Conjugated Equine Estrogen Increases Gynecologic Cancer Death Rates


Conjugated equine estrogen was associated with higher gynecologic cancer death rates in certain patients.

For patients with ovarian and endometrial cancer, receiving conjugated equine estrogen (CEE; a drug that includes estrogen hormones to treat menopause symptoms) alone was associated with significantly increased cancer-related mortality rates, compared with placebo (inactive treatment) in postmenopausal women who had undergone a prior hysterectomy (surgical removal of the uterus), according to 20-year follow-up data from 2 Women’s Health Initiative (WHI) clinical trials presented during a 2024 ASCO Annual Meeting Pre-Meeting Press Briefing.
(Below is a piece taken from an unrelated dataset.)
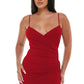 Vestido midi assimétrico de malha feminino LNL, vermelho, tamanho médio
Findings from another randomized study also found that in postmenopausal women with a uterus, CEE in combination with medroxyprogesterone acetate (MPA; menopausal hormone therapy) was not associated with increased ovarian cancer mortality versus placebo — a finding that contrasted data from prior observational studies.

In 2023, endometrial and ovarian cancer accounted for 13,030 and 13,270 deaths, respectively, in the United States, according to a study published in A Cancer Journal for Clinicians.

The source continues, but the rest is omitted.